▸ What is being asked:
Return nothing but the lines from the line with "How to Ruin" through the last line of the entries that follow, copied exactly and free of pictures.

(Short web captions)
----

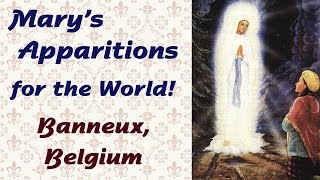 Mary’s Apparitions for the World Banneux Belgium [upl. by Renata289]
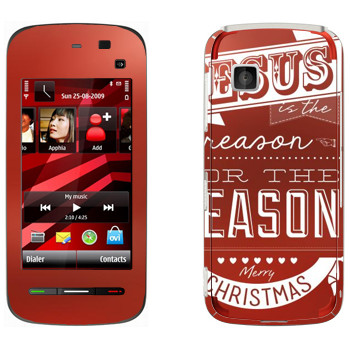   «Jesus is the reason for the season»   Nokia 5228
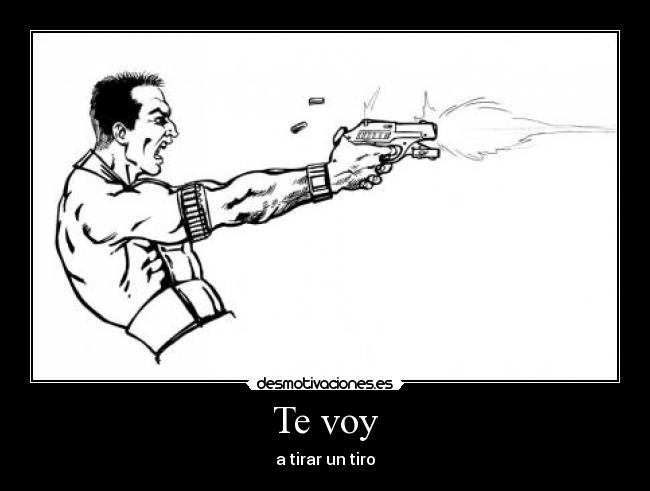 Te voy - a tirar un tiro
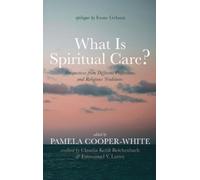 What Is Spiritual Care? (Copertina rigida)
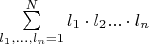 $\sum\limits_{l_1,...,l_n=1}^N l_1\cdot l_2...\cdot l_n$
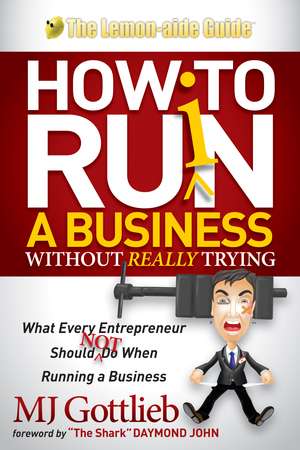 How to Ruin a Business Without Really Trying: What Every Entrepreneur Should Not Do When Running a Business de M. J. Gottlieb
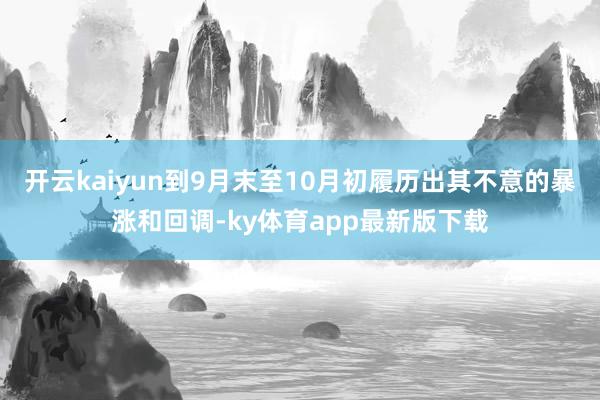 开云kaiyun到9月末至10月初履历出其不意的暴涨和回调-ky体育app最新版下载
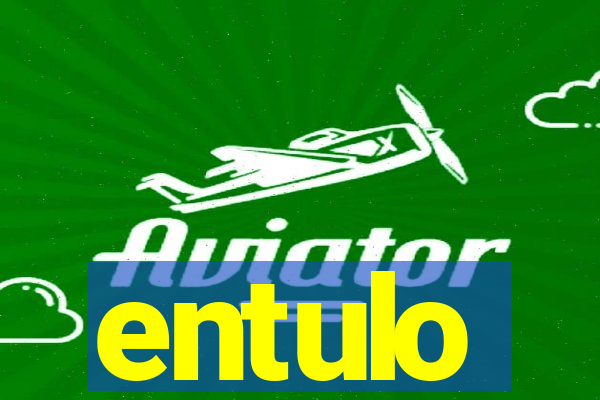 entulo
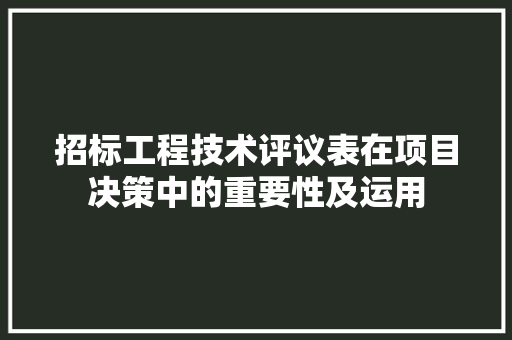 招标工程技术评议表在项目决策中的重要性及运用 室内设计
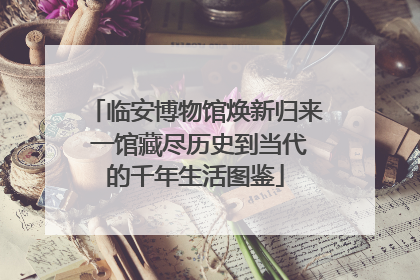 临安博物馆焕新归来 一馆藏尽历史到当代的千年生活图鉴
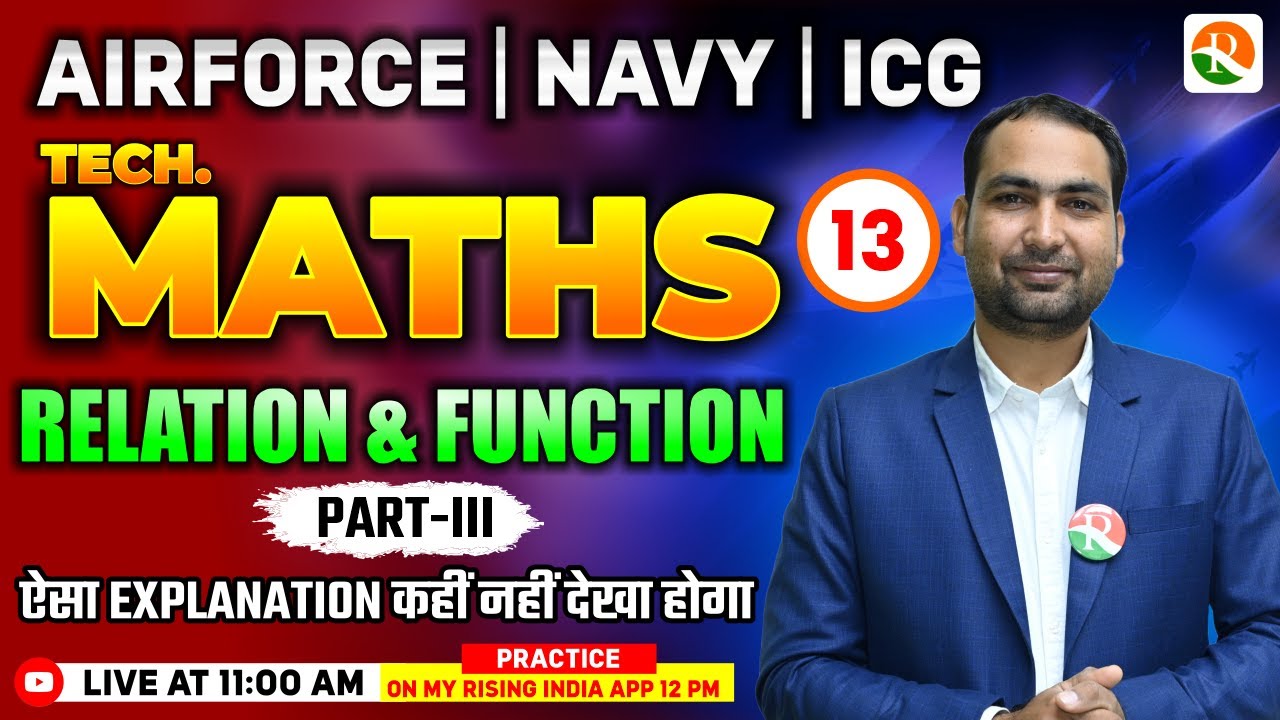 Relation & Function # 03 | Airforce, Navy, ICG | Airforce Maths Classes 2026 | Maths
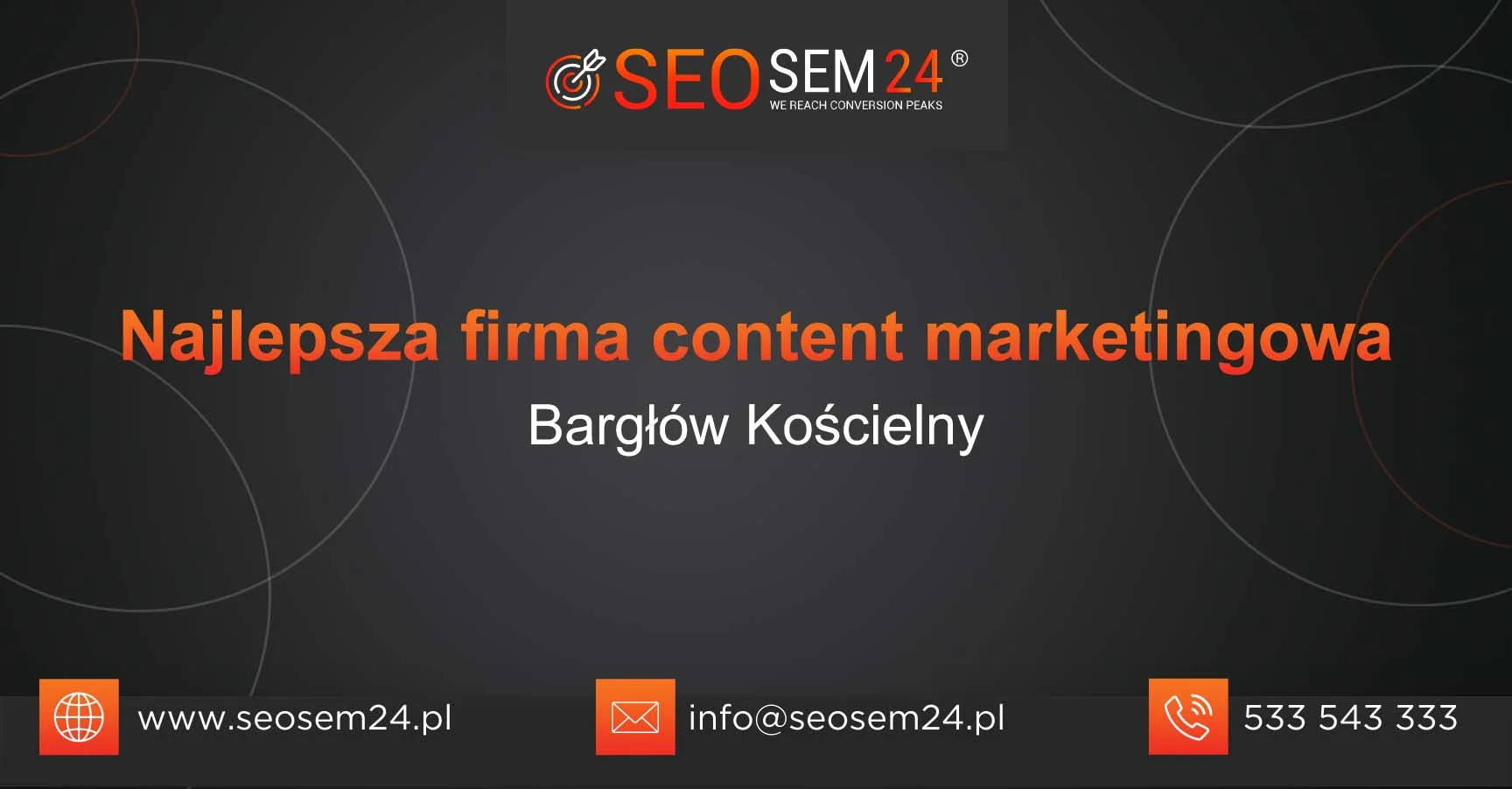 Najlepsza firma content marketingowa Bargłów Kościelny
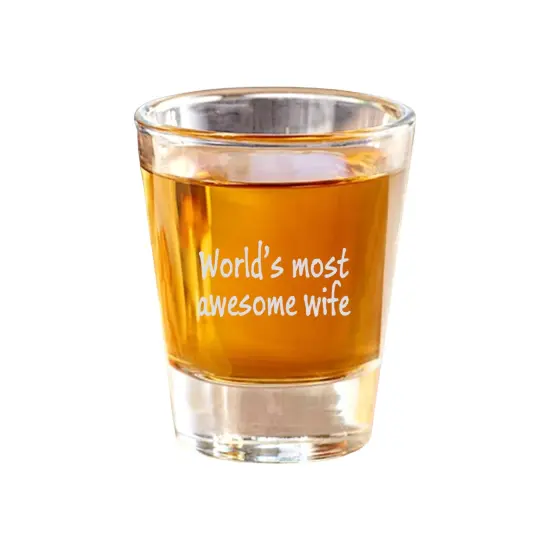 2oz Worlds Most awesome Wife Shot Glass {1}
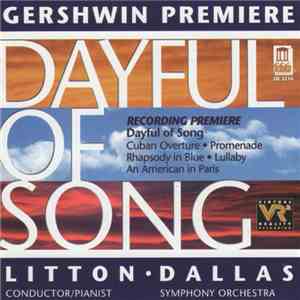 Andrew Litton & Dallas Symphony Orchestra - Gershwin Premier - Dayful Of Song download flac mp3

----

▸ Written solution:
 How to Ruin a Business Without Really Trying: What Every Entrepreneur Should Not Do When Running a Business de M. J. Gottlieb
 开云kaiyun到9月末至10月初履历出其不意的暴涨和回调-ky体育app最新版下载
 entulo
 招标工程技术评议表在项目决策中的重要性及运用 室内设计
 临安博物馆焕新归来 一馆藏尽历史到当代的千年生活图鉴
 Relation & Function # 03 | Airforce, Navy, ICG | Airforce Maths Classes 2026 | Maths
 Najlepsza firma content marketingowa Bargłów Kościelny
 2oz Worlds Most awesome Wife Shot Glass {1}
 Andrew Litton & Dallas Symphony Orchestra - Gershwin Premier - Dayful Of Song download flac mp3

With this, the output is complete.